Sequester Impacts on Financial Aid and Grants

WASHINGTON — Students and the Department of Education are preparing to weather the storm of the sequester and its various hits to financial assistance and grant programs.

The Budget Control Act of 2011, which developed an automatic 10-year process of “across-the-board” federal cuts if Congress failed to reduce federal deficit, will take its toll on financial aid and several grants that have eased tuition and fees for hundreds of thousands of students.
“In short, sequestration would have a negative impact on the education of our nation’s children and adults, reducing funding for teachers and other staff, cutting grants and work-study programs that help families pay for college, and potentially slicing payments to the contractors we rely on to administer our financial aid programs,” said U.S. Secretary of Education Arne Duncan in a testimony to the Senate Appropriations Committee.

According to Duncan, the Department of Education appropriated approximately $172 billion in grant, work-study and loan assistance to nearly 15 million college students.
If sequestration takes effect, the Federal Supplemental Educational Opportunity Grant would be hit with $38 million in cuts while $52 million would be cut from Federal Work-Study programs. The cuts would affect an estimated 104,000 students who benefit from the programs.

In his testimony, Duncan criticized the use of for-profit contractors in evaluating FAFSA processing, Pell Grant disbursement, loan originations, collections and other related tasks.

“The department’s ability to collect defaulted student debt and provide high-quality services to borrowers once they are out of school would likely be hampered by sequestration, due to possible cuts in contracts with private-sector entities,” Duncan said. “If we do not collect on loans, fewer funds will be repaid to the treasury and our deficit will increase. That is the opposite of what sequestration is supposed to achieve. It is another illustration of why sequestration is a bad policy.”

The Information for Financial Aid Professionals (IFAP) has released three statements with detailed information on how the sequester will impact student financial aid programs.

The Pell Grant will be unaffected by the sequester and origination loan fees for Direct Subsidized Loans and Direct Unsubsidized Loans will be increased by a minimal .05 percent.
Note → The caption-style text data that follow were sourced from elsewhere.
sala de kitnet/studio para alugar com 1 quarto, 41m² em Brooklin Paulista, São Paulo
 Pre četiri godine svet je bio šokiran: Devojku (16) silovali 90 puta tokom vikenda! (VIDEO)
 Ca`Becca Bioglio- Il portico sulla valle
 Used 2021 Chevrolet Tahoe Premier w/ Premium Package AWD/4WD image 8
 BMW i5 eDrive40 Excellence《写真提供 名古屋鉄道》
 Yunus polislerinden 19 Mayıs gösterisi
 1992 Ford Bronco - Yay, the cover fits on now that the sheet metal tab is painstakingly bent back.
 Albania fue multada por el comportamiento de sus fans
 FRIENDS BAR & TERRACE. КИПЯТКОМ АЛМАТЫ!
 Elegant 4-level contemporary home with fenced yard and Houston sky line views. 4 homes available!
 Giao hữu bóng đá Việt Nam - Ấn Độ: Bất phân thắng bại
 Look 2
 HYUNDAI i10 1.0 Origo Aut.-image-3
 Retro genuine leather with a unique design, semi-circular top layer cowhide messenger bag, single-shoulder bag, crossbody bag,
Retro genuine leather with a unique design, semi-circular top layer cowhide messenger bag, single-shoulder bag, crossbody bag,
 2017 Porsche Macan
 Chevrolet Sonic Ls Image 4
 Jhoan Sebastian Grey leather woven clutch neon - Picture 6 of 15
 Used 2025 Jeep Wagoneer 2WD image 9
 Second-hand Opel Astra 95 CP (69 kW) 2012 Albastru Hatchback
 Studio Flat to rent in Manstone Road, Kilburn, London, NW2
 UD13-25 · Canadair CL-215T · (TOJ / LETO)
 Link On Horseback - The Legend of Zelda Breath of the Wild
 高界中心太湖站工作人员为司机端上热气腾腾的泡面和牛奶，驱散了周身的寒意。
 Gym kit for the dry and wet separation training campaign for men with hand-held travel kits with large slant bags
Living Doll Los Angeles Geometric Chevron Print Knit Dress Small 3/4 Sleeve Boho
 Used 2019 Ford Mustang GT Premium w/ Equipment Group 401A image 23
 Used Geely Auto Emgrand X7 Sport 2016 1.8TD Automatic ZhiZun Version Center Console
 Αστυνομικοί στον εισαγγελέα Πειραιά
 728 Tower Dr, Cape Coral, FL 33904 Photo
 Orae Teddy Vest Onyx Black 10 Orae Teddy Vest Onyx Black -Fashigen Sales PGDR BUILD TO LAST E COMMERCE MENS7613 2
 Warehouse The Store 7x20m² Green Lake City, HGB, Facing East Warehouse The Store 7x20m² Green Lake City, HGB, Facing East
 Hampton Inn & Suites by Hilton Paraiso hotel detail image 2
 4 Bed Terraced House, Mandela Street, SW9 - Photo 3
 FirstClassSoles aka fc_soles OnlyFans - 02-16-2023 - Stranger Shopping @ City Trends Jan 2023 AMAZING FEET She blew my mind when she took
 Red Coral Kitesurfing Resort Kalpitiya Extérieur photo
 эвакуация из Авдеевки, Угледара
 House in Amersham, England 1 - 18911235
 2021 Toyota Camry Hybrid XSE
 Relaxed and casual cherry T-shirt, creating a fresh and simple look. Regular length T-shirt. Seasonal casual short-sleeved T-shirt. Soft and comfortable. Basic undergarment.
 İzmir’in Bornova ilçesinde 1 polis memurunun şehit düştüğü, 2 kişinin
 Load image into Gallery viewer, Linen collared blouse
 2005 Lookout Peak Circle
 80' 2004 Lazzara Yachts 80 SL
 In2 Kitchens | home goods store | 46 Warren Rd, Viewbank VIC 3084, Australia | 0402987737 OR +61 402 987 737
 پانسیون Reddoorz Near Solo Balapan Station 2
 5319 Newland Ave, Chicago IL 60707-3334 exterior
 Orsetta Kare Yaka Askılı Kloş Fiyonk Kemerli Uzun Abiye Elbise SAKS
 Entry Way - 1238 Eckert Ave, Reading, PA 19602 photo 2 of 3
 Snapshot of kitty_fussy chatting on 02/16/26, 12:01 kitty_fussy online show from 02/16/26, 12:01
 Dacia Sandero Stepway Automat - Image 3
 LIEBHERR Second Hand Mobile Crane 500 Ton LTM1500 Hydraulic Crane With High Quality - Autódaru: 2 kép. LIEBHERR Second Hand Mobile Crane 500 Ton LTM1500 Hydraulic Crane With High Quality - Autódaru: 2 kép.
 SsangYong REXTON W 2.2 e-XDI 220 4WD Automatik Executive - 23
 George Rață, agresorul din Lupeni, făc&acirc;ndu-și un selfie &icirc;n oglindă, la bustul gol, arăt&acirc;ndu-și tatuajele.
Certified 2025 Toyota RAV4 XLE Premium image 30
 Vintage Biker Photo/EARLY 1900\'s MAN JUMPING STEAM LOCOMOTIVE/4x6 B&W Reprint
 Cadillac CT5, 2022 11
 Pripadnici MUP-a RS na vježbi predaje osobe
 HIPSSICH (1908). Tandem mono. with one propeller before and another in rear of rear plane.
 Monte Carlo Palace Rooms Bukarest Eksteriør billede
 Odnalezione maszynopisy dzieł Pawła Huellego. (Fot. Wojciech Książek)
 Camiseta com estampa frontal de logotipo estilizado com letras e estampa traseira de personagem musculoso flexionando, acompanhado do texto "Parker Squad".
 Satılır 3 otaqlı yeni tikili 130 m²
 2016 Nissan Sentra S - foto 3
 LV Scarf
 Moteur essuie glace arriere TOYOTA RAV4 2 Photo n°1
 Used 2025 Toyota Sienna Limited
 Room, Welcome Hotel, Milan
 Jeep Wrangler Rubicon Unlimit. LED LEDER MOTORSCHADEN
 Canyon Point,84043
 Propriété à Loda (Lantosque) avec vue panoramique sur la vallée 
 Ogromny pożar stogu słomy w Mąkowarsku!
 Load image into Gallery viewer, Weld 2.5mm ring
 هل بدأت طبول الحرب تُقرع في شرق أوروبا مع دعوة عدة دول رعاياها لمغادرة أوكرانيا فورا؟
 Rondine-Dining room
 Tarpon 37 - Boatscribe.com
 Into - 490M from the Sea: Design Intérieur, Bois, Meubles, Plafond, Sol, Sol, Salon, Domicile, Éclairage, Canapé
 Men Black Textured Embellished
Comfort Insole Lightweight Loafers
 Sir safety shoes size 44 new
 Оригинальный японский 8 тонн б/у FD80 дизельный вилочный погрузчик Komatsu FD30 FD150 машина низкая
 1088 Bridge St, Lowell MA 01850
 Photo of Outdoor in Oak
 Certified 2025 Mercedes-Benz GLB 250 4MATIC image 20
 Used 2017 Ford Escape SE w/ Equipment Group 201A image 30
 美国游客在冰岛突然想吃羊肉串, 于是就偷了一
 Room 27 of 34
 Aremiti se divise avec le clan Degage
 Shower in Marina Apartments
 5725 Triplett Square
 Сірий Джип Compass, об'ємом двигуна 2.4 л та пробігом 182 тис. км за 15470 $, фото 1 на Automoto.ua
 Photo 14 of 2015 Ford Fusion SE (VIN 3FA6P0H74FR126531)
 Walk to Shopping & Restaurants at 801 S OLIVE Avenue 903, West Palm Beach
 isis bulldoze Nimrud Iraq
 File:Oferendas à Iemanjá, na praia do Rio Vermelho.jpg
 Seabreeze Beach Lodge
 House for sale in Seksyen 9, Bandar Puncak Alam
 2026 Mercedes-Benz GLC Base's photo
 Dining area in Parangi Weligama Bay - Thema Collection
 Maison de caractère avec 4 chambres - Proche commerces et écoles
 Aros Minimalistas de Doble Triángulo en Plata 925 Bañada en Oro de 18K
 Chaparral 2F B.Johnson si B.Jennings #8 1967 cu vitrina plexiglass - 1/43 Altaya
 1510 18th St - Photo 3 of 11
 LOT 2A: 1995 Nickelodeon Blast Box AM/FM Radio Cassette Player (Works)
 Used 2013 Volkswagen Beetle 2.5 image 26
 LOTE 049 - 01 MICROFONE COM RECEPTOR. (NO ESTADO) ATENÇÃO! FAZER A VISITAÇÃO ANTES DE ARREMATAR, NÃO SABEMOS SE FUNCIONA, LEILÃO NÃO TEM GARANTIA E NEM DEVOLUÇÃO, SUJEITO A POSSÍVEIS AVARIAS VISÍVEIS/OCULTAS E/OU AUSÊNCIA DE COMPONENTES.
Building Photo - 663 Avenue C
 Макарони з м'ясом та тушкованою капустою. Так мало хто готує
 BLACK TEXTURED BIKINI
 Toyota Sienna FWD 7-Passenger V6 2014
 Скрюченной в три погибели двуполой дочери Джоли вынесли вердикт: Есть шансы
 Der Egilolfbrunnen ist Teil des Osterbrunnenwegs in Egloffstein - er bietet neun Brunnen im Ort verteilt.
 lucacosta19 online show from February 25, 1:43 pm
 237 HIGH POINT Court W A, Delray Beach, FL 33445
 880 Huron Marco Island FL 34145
Direct PLUS Loans will see an increase from 4 percent to 4.2 percent.

“The department’s Federal Student Aid (FSA) office has begun developing the process necessary to implement the higher loan fees mandated by the sequester,” said David Bergeron, acting assistant secretary for postsecondary education and author of the statements.

The FSA will notify loan institutions with information on how their systems must be altered in order to comply with changes but in the meantime asks those institutions to “continue with their normal procedures.”

The Iraq-Afghanistan Service Grant Program, which provides funds to students whose parent or guardian died in the Armed Forces as a result of military service in Iraq or Afghanistan, may also be affected by the sequester, though the Department of Education is currently unsure of exactly how much will be reduced.

The Teacher Education Assistance for College and Higher Education Grant program, which serves students who intend to seek a career in teaching students from low-income families, is also made vulnerable due to sequestration. But again, the department was unable to make any amount estimates regarding cuts to the grant.

The sequester would also force the Department of Education to take several furlough days, which would further affect the processing and management of financial aid, Duncan said.

“The sequester also would likely require the department to furlough many of its own employees for multiple days. The full repercussions are unknown, but extended furloughs would significantly harm the department’s ability to prevent fraud, waste and abuse in the very large, complex student financial assistance programs,” Duncan said. “Furloughing employees also would hurt all the department’s other activities, including making grant awards on a timely basis.”

With its potential impact on the thousands of students who rely upon the services of federal financial aid and the Department of Education, the lasting effects of the sequester could ultimately lead to the country’s falling placement as a global competitor.

“The long-term impact of sequestration could be even more damaging,” Duncan said. “By reducing education funding now and in the coming years, it would jeopardize our nation’s ability to develop and support an educated, skilled workforce that can compete in the global economy.”